ZombieLoad 2, aka TSX Asynchronous Abort, is a new flaw that affects the latest Intel CPUs that could be exploited to launch TSX Speculative attack.
ZombieLoad 2, aka TSX Asynchronous Abort, is a new vulnerability tracked as CVE-2019-11135 that affects the latest Intel CPUs that could be exploited to launch TSX Speculative attack.
The flaw affects the Transactional Synchronization Extensions (TSX) feature in Intel processors, it could be exploited by a local attacker or malicious code to steal sensitive data from the underlying operating system kernel.

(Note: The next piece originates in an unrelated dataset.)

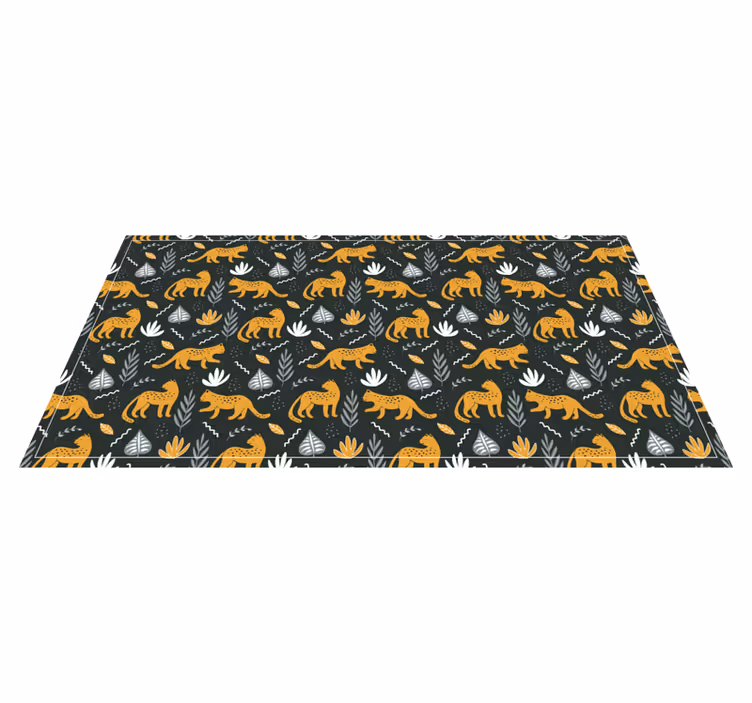 Leopardmønster blader vinyl teppe dyr - Tenstickers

The ZombieLoad 2 attack also targets the speculative execution implemented in modern CPU to improve performance.
In the past months, security researchers devised several speculative -channel RIDL (Rogue In-Flight Data Load), Fallout, Microarchitectural Data Sampling (MDS attack), and ZombieLoad.

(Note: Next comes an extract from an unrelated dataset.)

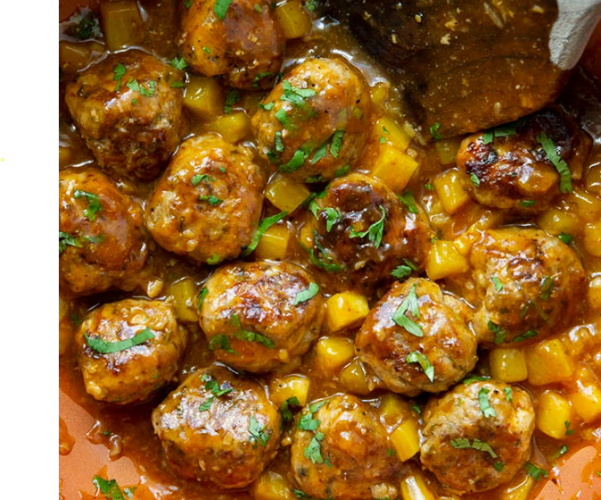 Pineapple Jerk Chicken Meatballs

Unlike Meltdown, Spectre, and Foreshadow attacks, MDS attakes target CPU’s microarchitectural data structures.
News of the day is that a new version of the ZombieLoad attack was devised by researchers, it also impacts processors in the Intel Cascade Lake CPU family that are not impacted by other attacks.
The Zombieload 2 attack only affects CPU supporting the Intel TSX instruction-set extension, a condition that is true in all Intel CPUs manufactured since 2013.

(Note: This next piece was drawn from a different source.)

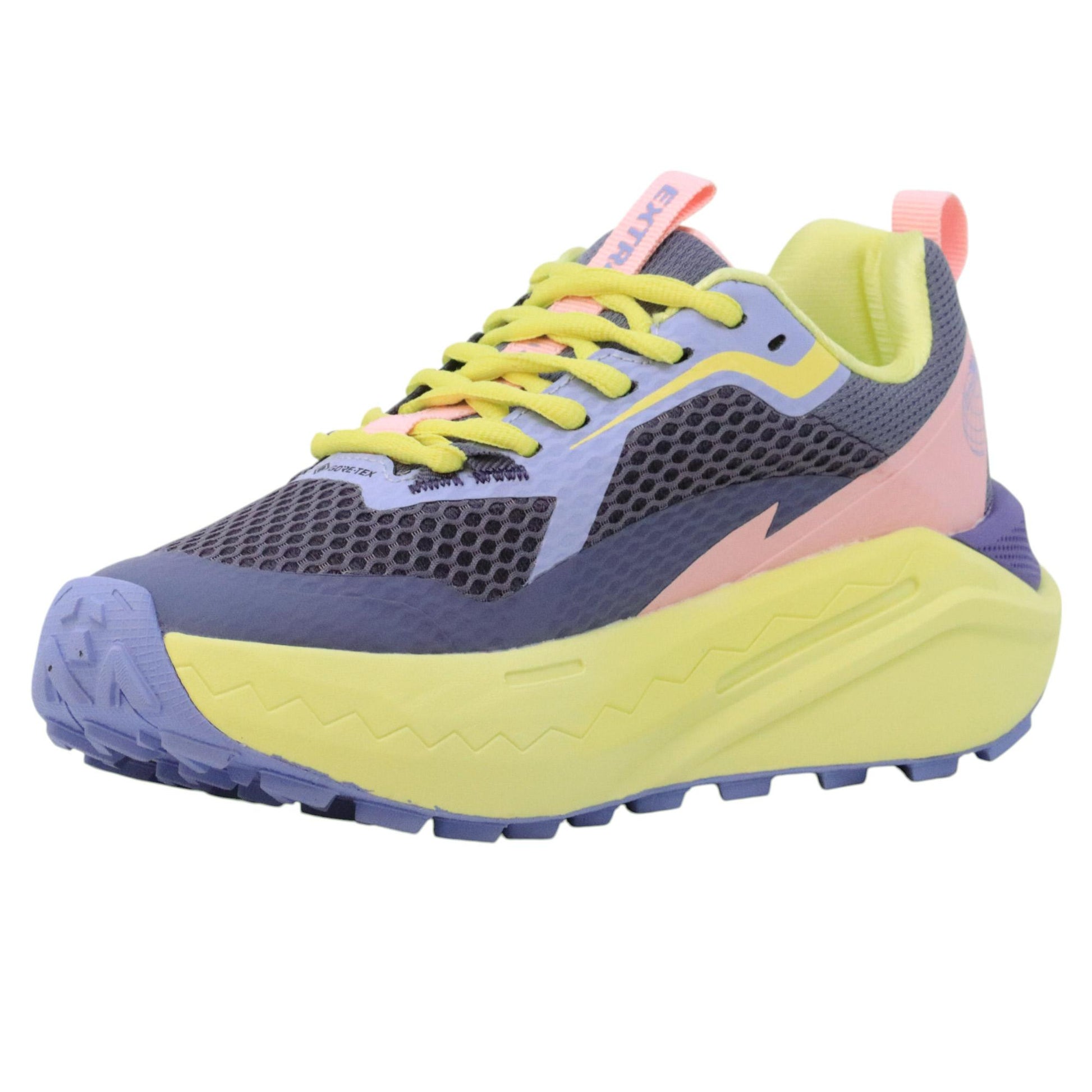 Extr4 U Kaizen GTX sneaker donna tessuto rete in grigio e rosa con dettagli in giallo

The TSX feature allows improving performance by leveraging a hardware transactional memory, any operation on this memory doesn’t impact on the overall performance of the systems.
“The TSX Asynchronous Abort (TAA) vulnerability is similar to Microarchitectural Data Sampling (MDS) and affects the same buffers (store buffer, fill buffer, load port writeback data bus).” reads the security advisory published by Intel.
“Intel TSX supports atomic memory transactions that are either committed or aborted. When an Intel TSX memory transaction is aborted, either synchronously or asynchronously, all earlier memory writes inside the transaction are rolled back to the state before the transaction start. While an Intel TSX asynchronous abort (TAA) is pending, certain loads inside the transaction that are not yet completed may read data from microarchitectural structures and speculatively pass that data to dependent operations. This may cause microarchitectural side effects, which can later be measured to infer the value of the data in the microarchitectural structures.”
Experts discovered that aborting memory transactions may allow processes to compute the data found in other running processes, including operating system kernel data. An attacker could exploit the flaw to steal sensitive data, including passwords and encryption keys.